1943 film by Malcolm St. Clair

Jitterbugs is an American 1943 Laurel and Hardy feature-length musical comedy film produced by Sol M. Wurtzel and directed by Mal St.Clair.

==Plot==
Stan and Ollie are musicians traveling across the U.S. as "The Original Zoot Suit Band". During their journey, they encounter Chester Wright who purports to possess a revolutionary pill capable of converting water into fuel. In reality, Chester is a swindler who substitutes water canisters with gasoline unnoticed by Stan and Ollie.

The trio devises a scheme to exploit Stan and Ollie's musical performance to attract a crowd, enabling Chester to peddle his fraudulent product. Despite initial success, their ruse unravels when a customer experiences a disastrous accident due to the pill's ineffectiveness. To evade retaliation, Chester masquerades as a police officer, feigning arrest of Stan and Ollie. Subsequently, Susan, a choir singer acquainted with the trio, seeks their assistance in reclaiming her mother's swindled funds. Adopting aliases, they infiltrate a hotel where the con men responsible for the scam are lodged. Ollie fabricates an ostentatious display of wealth, enticing the gang's leader, Corcoran.

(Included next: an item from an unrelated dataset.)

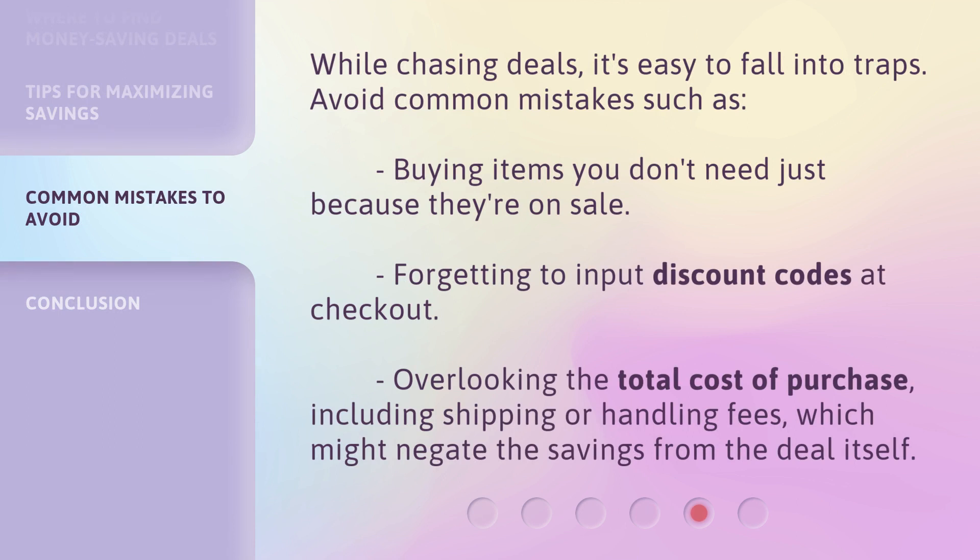While chasing deals, it's easy to fall into traps. Avoid common mistakes such as buying items you don't need just because they're on sale, forgetting to input discount codes at checkout, overlooking the total cost of purchase, including shipping or handling fees, which might negate the savings from the deal itself.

Disguised as a woman, Stan unwittingly complicates their plans, while Ollie orchestrates a confrontation with Corcoran, coercing him into returning the stolen funds. The group concocts a new scheme involving Susan's employment at Bennett's club, aiming to retrieve the remaining funds. Amidst subterfuge and double-crosses, the trio manages to secure Bennett's funds, but their deception is uncovered, leading to their capture by the gang. Trapped aboard Bennett's vessel, they engineer a daring escape, culminating in the gang's apprehension by the authorities.

Chester redeems himself by demonstrating his genuine intentions to return the money to Susan's mother. Stan and Ollie bid farewell to Susan and Chester, opting for a hasty departure to evade the remaining gangsters.

==Production==

During the early 1940s, 20th Century Fox executives determined that low-budget "B” serve as the second feature on double bills. As such, these comedies were limited to a length of approximately 70 minutes ``irrespective of any artistic considerations.”

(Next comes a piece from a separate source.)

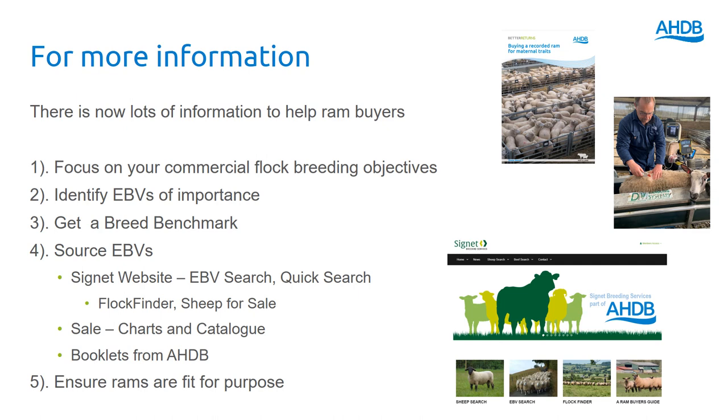Finally, we ought to remember that it's important that rams are fit for purpose. The genetics are fine, but if the ram doesn't have a long, productive life, then that's not a good investment in your flock. The health status of the ram is extremely important, and structural soundness is clearly vital for you to get a good return on investment.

Much of the film, scripted by Scott Darling and St. Clair, was improvised by Laurel and Hardy or reworked from earlier films they made with director Hal Roach.

==Reception==
Film critic Bosley Crowther in the New York Times provides a mixed review, describing the gag routines as largely recycled from the Laurel and Hardy repertoire. Crowther allows that the film is “funny…neither the worst nor the best of the boys' films. Why do they call it "Jitterbugs"? Say, who let that radical in?”

==Retrospective appraisal==
The film is notable for its dance sequences and the interaction between the duo with Vivian Blaine and Lee Patrick. Blaine, who later starred in the Broadway production of Guys and Dolls, was among those who honored Laurel and Hardy during their December 1954 appearance on NBC's This Is Your Life.

Jitterbugs is considered to be the best Laurel and Hardy film made under 20th Century Fox. Film historian Ruth Anne Dwyer writes:

Jitterbugs demonstrates superior production values and a good cast. Stan Laurel is particularly funny during a segment in which he dresses as a spinster aunt, a part he appears to enjoy greatly. The film has a delightful conclusion on a cruise ship which slips its moorings.